As healthy desserts go, I have found that fruit crisps are the easiest desserts to make "healthy" while doing minimal damage to their deliciousness.  Sweetness in a crisp usually comes from brown sugar or white sugar.  The great thing is, fruit is sweet on its own, and fruit makes up most of a crisp!  A delicious crisp topping usually comes from white flour, lots of butter, and sugar.  But I think you'll find that oats and nuts add a nice texture and make a suitable substitute.
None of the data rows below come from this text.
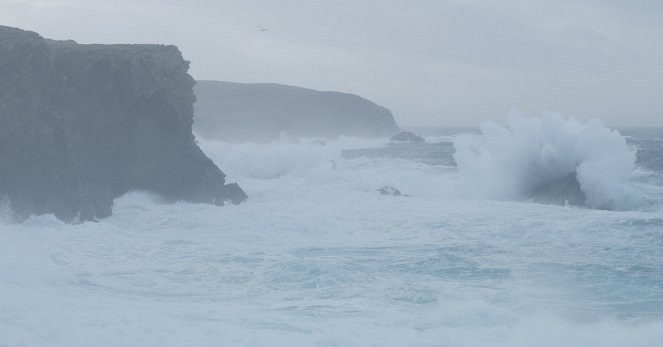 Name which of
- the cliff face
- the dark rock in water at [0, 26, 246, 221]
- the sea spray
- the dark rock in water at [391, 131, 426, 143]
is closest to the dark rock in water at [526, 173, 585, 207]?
the sea spray

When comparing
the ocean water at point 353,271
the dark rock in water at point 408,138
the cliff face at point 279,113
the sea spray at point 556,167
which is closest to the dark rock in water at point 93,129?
the ocean water at point 353,271

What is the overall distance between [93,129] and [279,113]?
1828 inches

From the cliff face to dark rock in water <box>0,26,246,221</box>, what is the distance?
99.6 feet

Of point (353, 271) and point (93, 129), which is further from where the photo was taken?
point (93, 129)

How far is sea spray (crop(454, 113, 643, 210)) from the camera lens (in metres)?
25.3

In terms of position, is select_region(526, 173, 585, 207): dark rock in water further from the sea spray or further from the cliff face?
the cliff face

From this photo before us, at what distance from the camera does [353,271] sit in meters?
14.8

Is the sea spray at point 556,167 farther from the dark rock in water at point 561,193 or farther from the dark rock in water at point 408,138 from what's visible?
the dark rock in water at point 408,138

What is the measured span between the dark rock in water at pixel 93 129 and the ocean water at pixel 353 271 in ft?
2.99

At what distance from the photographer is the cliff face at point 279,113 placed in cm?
5900

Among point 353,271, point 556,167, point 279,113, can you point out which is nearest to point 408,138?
point 279,113

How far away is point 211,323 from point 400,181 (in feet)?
71.0

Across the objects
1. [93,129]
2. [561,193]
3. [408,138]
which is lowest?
[561,193]

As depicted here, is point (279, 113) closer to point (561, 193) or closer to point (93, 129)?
point (561, 193) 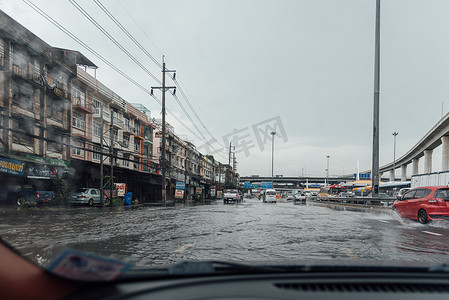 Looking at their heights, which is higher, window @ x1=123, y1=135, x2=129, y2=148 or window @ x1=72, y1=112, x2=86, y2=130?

If I'm being completely honest, and going on taste alone, I'd choose the white-flour, buttery, sugar-laden crisp any day.  But, since one must also consider summer, and shorts, and swimming suits... and well... calories... sometimes you just need a healthy dessert that still tastes good!

My friend Abby shared this recipe for Heart Healthy Fruit Crisp with me, and I modified it a bit based on taste and what I had on hand!  I used frozen peaches and blackberries, but you could really use any fruit you like -- fresh or frozen.  May want to use more or less chia seeds in the filling depending on how juicy your fruit is (berries might need more, apples may not need any).


Healthy Fruit Crisp

Serves: 8-12

Ingredients

Filling:
2 16oz bags sliced frozen peaches (no sugar added), thawed
1 16oz bag frozen blackberries (no sugar added), thawed
2 Tbsp chia seeds
3 Tbsp agave nectar or honey

Topping:
2 cups oat flour (process rolled oats in food processor until course flour results)
1 cup rolled oats
1 cup walnuts, roughly chopped
3 Tbsp coconut oil
2 Tbsp agave nectar or honey
1 Tbsp cinnamon
1/2 tsp salt  
 

Instructions

Pre-heat oven to 350 degrees and spray a 9x13 baking dish with cooking spray.

TIP:  You can instead split the recipe into 2 8x8 foil pans (or the round ones pictured in this post - which I buy at the Dollar Tree).  This way, you can bake one to eat now and freeze one for another time!

In a large bowl, combine thawed fruit, chia seeds, and agave nectar (or honey).  Transfer the fruit to the pan (or pans, if you're using two).

In the same bowl (rinse it if you want), add oat flour, oats, walnuts, coconut oil, agave nectar, cinnamon, and salt.

TIP:  To make oat flour, process rolled oats in food processor until they become course flour.

Using a pastry cutter (or a fork), combine topping ingredients until crumbly.  Spread topping evenly over the fruit and bake for 30-40 minutes or until fruit is tender and topping is browned.